When it became normal for women to enter the workplace that affected the whole job system, men who were otherwise capable were not hired in some cases to make room for the increased flow of women into the workforce. As you stated employers realized they could pay women less to do most jobs and that was a further incentive to hire them even without the anti-discrimination laws. When men realized that women wanted to work outside the homes this took pressure off of them to work as long or as hard to make ends meet. Families realized that by working two jobs they could have most of the material goods they wanted and didn't need to struggle or save to get what they wanted.
Then a few generations passed, men started to expect their women to work jobs and take care of the household/children. Enter my generation i.e. the Millenials. Our men are lazier and more entitled than generations of the past, they expect women to pick up their slack and to be co-providers for the household. My husband for example after we were married thought I was going to give him children and work a job outside the home so he could work as less as possible come home and play videogames. NOPE! I told him from the beginning that I was not going to work outside our home once we got married and he was going to have to step up and be a man. Good news is that he did, but not without him telling me for half a year how hard I made it on him and that I should get a job and help out.. I stuck to my guns, my place was in the home and I wasn't going to do it. If he didn't like it, well he knew where the door was and not to let it hit his buttcheeks on the way out.

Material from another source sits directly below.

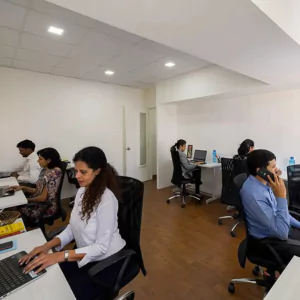 List of business centers in chennai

I had pressure not only from my husband but also his mother in law (Who never worked until her kids were in their 20's btw...), it wasn't easy to get lambasted all the time. However, now even though we don't have much money to spare we survive on about 500$ a week, that's with $500 rent a month. We don't get everything we want, hardly! But, we get what we need and I am at home raising my children where I should and want to be. My husband works hard and is a good man, he's grown tremendously since I refused to cushion him.
Not everyone can have babies, Walla, be it unfortunate circumstances or health problems but there's still so much we can do in our homes

Women that want to work should be able to, I have a grandmother that retired from furniture. She loved her job, probably saved their marriage, her and papaw fight like two cats in a bag now that they're both at home. But, this should not be forced upon us and it should not be viewed as the norm.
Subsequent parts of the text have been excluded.